The findings demonstrated that Psilocybin mushrooms, also known as psychedelic mushrooms, effectively reset the activity of key brain circuits known to play a role in depression.

“We have shown for the first time clear changes in brain activity in depressed people treated with psilocybin after failing to respond to conventional treatments,” said Robin Carhart-Harris, Head of Psychedelic Research at Imperial College London.

“Several of our patients described feeling “reset” after the treatment. Psilocybin may be giving these individuals the temporary kick start they need to break out of their depressive states and these imaging results do tentatively support a reset analogy,” Carhart-Harris added.

For the study, published in the journal Scientific Reports, the team examined patients with treatment-resistant form of the disorder with two doses of psilocybin (10 mg and 25 mg).
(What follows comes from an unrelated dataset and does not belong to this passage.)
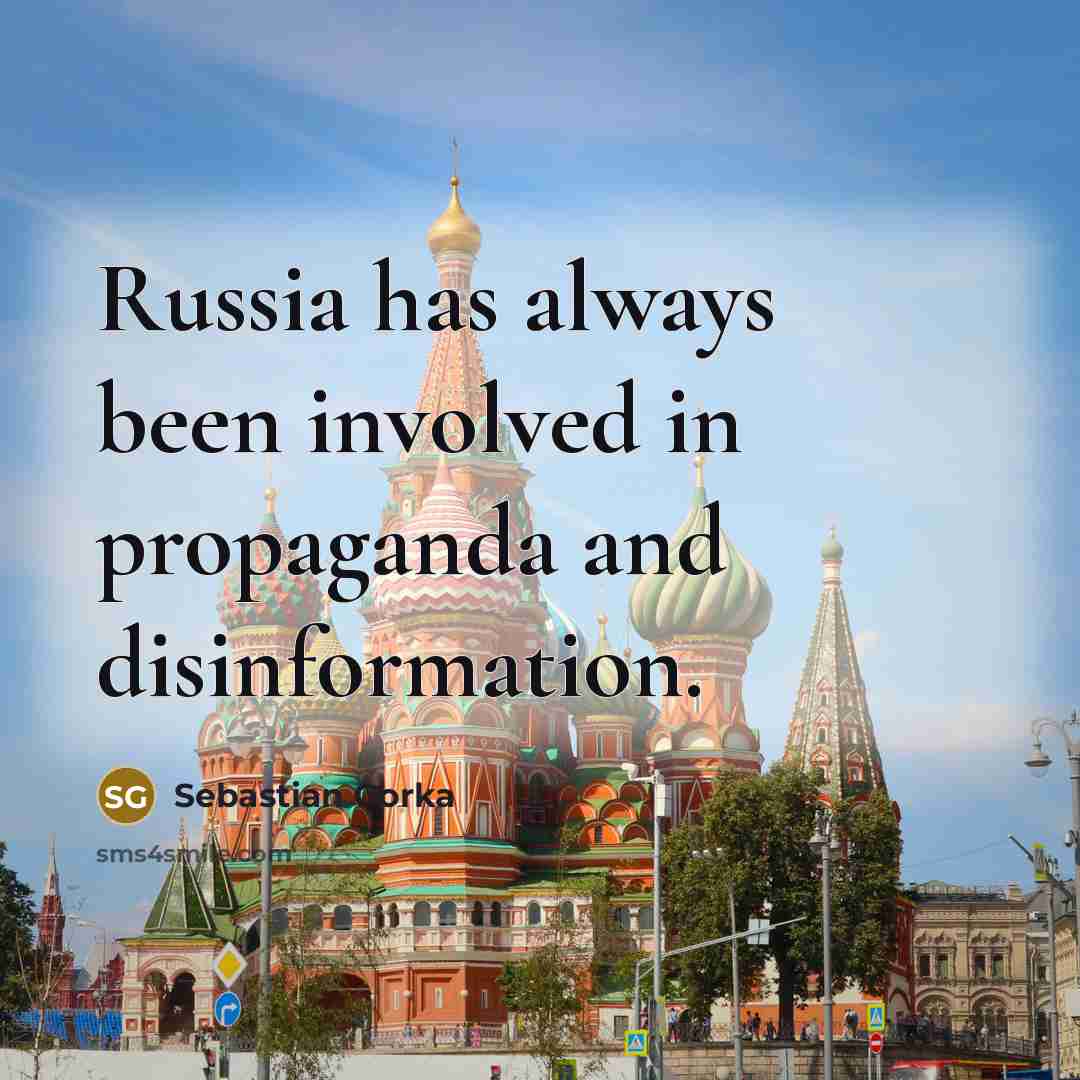 “Russia has always been involved in propaganda and disinformation.…” quote by Sebastian Gorka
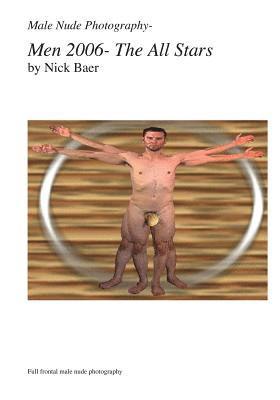 Nick Baer - Male Nude Photography- Men 2006 The All Stars, Häftad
Following the treatment, patients reported a decrease in depressive symptoms, corresponding with improvements in mood and stress relief.

Functional MRI imaging revealed reduced blood flow in areas of the brain, including the amygdala — a small, almond-shaped region of the brain known to be involved in processing emotional responses, stress and fear.

These benefits lasted up to five weeks after treatment, the researchers said.

While the initial findings are encouraging, patients with depression should not attempt to self-medicate, as things may go awry if the extensive psychological component of the treatment is neglected, the researchers warned.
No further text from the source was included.